Different Types Of Ceiling Fans With Lights - You know what? The title of the informative article is only out-and-out misleading. The sole real "disadvantage" in regards to your ceiling fan is what it takes to get one properly installed. Ceiling fans may be hard to install for the inexperienced do it yourselfer. In some instances, where the ceiling fan will be to be installed you'll need to run an electric line to the region. Hiring a qualified, bonded and licensed electrician will most likely save you a lot of grief in the long term, unless you're skillful at doing this type of thing.
There is also the minor "minus" that involves the problem of regular care. Properly installed, a ceiling fan will provide years and years of enjoyable cooling and cost-savings in your heat bill (assuming you've got a fan that allows you to reverse the blade direction).

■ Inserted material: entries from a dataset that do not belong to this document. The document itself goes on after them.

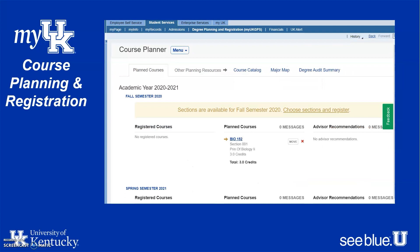Your course planner is a very useful tool to help you plan out your degree over the next four years. The left column lists the courses you are registered for, the middle column shows courses you have planned for each academic year, and the right column is Advisor Recommendations. Your advisor can recommend courses for you to take each semester so you can stay on track for graduation.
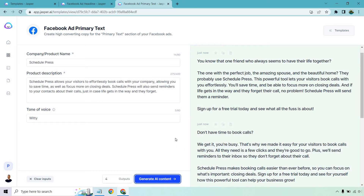The second output gets right into it: 'Don't have time to book calls? We get it — you're busy. That's why we made it easy for your visitors to book calls with you. All they need is a few clicks and they're good to go. Plus, we'll send reminders to their inbox so they don't forget about their call. Schedule Press makes booking calls easier than ever before so you can focus on what's important — closing deals. Sign up for a free trial today and see for yourself how this powerful tool can help your business grow.' I really like that one.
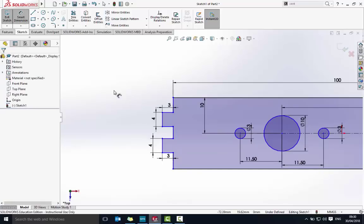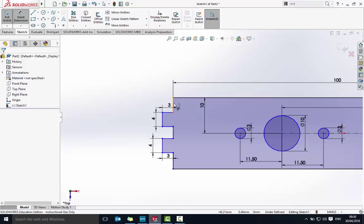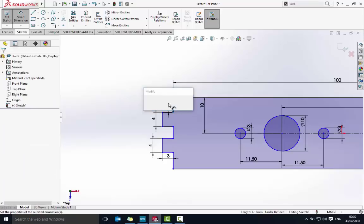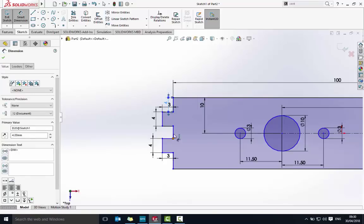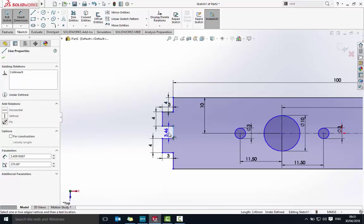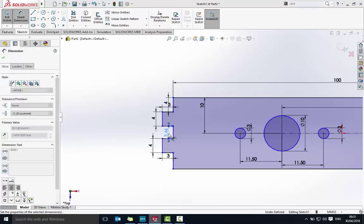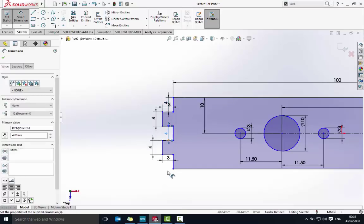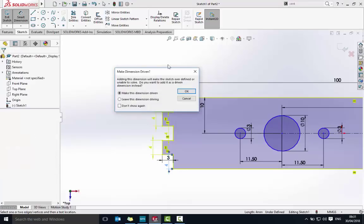I won't do the last dimension — if I try it should give me an error, and there it is, because it knows the total is 20. I've already set four fours, so it knows the fifth four is already going to be 4. So this side is all done.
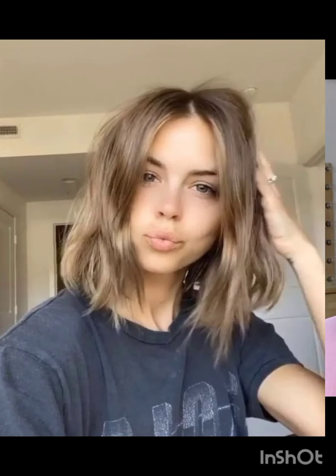Layered pixie cut uses different lengths of layers to add dimension and movement. Side swept pixie cut has hair styled to one side, creating a flattering asymmetric look. Undercut pixie cut features short sides and back with longer hair on top for a bold style.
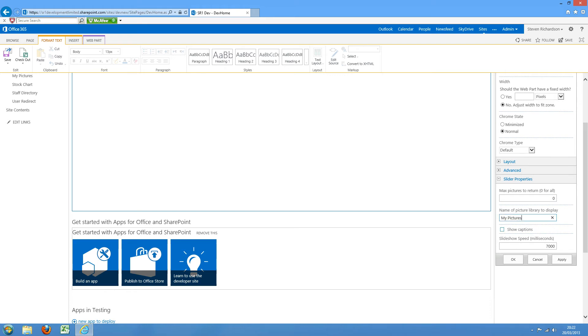We can choose whether to show captions and the slideshow transition speed in milliseconds. I'll just drop that down to four seconds.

On occasion, ceiling fans get out of equilibrium and need small alterations. The most often encountered culprits are loose screws that attach the blades to the motor housing, blades which aren't at precisely the same angle (pitch) as the rest of the blades and also a blade or blades that weigh slightly more compared to the others. Without going into great detail, make certain that all of the screws are tight. Whenever they're not tightening the ones that have come loose and run the fan. Your issue continues to be solved if the wobbling has quit.
Otherwise, use a yardstick or another straight part of wood and place it (together with the fan stopped) vertically in the outer edge of among the blades. Rotate the blades by hand to be certain that each blade touches the stick. If one or more don't, only (and gradually) bend the blade(s) so that their pitch matches the others and repeat the process until you're satisfied that each blade has the same pitch. Turn the fan on again and see if you've solved the problem.